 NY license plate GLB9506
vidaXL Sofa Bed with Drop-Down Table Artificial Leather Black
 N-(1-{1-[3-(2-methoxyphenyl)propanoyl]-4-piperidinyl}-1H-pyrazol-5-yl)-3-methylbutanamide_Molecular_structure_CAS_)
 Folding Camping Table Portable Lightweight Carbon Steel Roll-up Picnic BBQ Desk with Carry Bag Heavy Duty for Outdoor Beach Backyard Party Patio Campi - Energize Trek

...

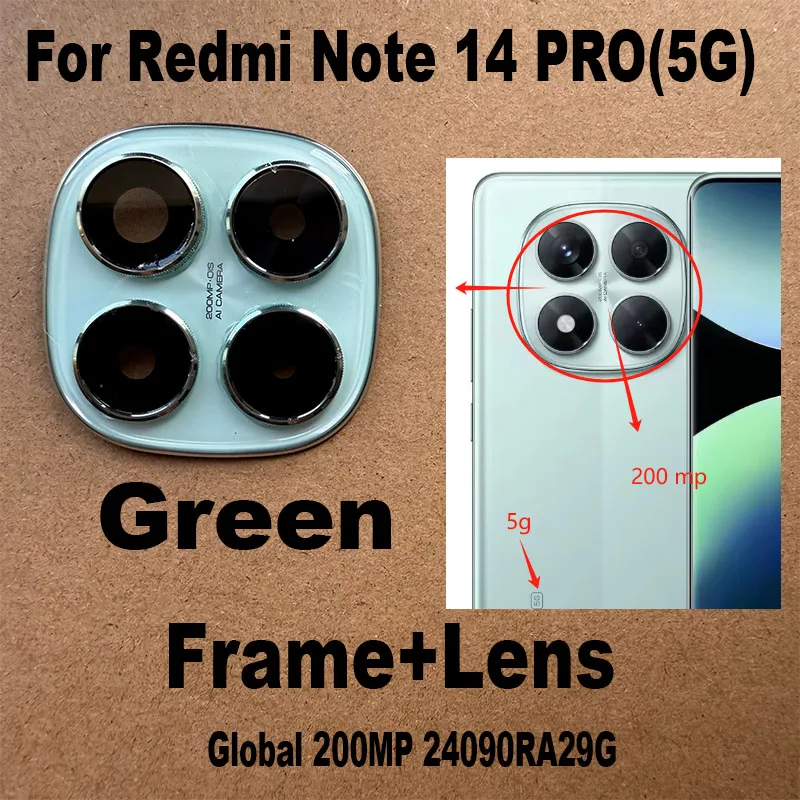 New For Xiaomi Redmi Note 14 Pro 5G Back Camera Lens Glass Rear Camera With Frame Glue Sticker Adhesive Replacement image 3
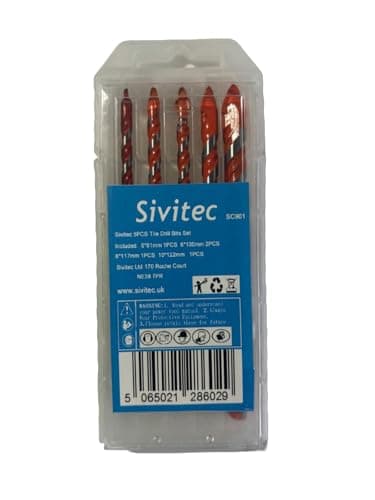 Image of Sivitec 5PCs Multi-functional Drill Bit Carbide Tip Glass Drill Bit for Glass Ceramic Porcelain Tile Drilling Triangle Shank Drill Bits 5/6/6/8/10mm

Work order:
Using only the data above, copy out the lines that include the word "Table".

Result below:
vidaXL Sofa Bed with Drop-Down Table Artificial Leather Black
 Folding Camping Table Portable Lightweight Carbon Steel Roll-up Picnic BBQ Desk with Carry Bag Heavy Duty for Outdoor Beach Backyard Party Patio Campi - Energize Trek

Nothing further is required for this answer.